I recently attended my 4th regional spelling bee – the one in which the winner travels to Washington, DC to compete in the Scripps National Spelling Bee. Some thoughts on reading came to me this year as I watched the students compete, spelling everything from raj to Baedeker. It occurred to me how much reading and cultural factors affect a student’s chances to succeed. Of course, each student receives a study guide, but few have a chance to remember the many thousands of unusual words on the list. The official list, contains words of Latin, Arabic, Asian, French, Slavic, Japanese, Greek, Old English, New World, Italian, Spanish, and Dutch origin, as well as eponyms (words named after individuals).

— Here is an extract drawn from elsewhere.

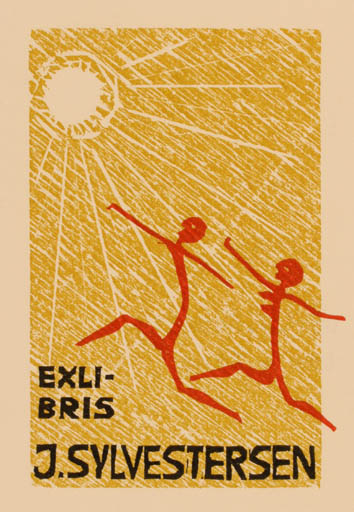 Exlibris by Chr. W. Bauditz from Denmark for Johs. Sylvestersen - Sun 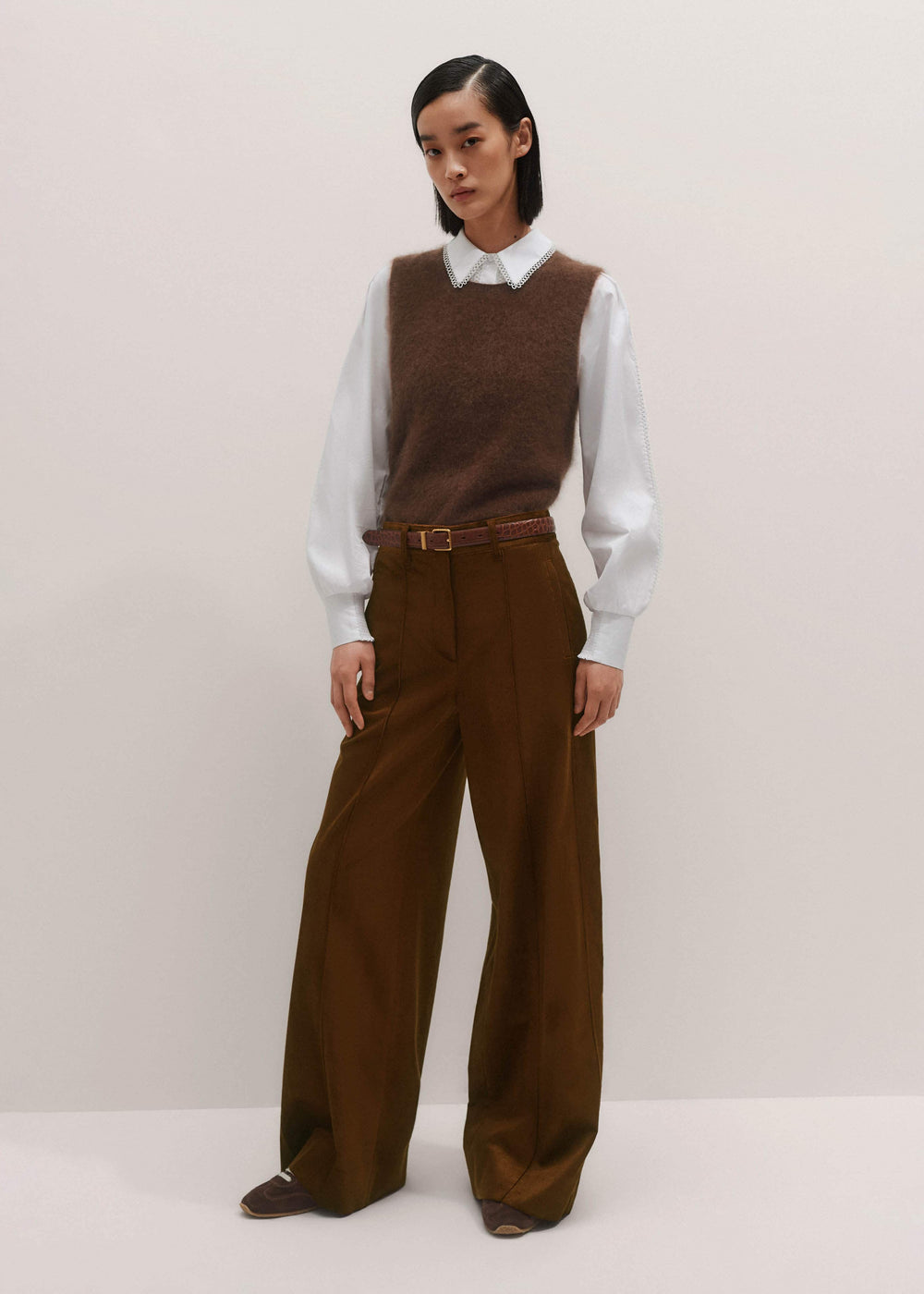 White Collared Layering Top meandem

I watched as an Asian speller rushed through tatami without the slightest hesitation, while a young Caucasian girl struggled with the word sombrero. An urban boy was stumped by forsythia, while another Asian speller easily spelled raj. My own daughter had no need to study bezoar (she knew it from the Harry Potter books) and ersatz (thanks, Lemony Snicket), but was stumped by sorghum, a grain originally from Africa. While we may be good cooks and often use molasses, our molasses is known only by its brand name rather than its source. If only she were a fan of historical fiction! ;-)
My point is, in spelling and reading, as in life, we are all limited by our cultural context; the more we can do to expand it, the wiser we will be.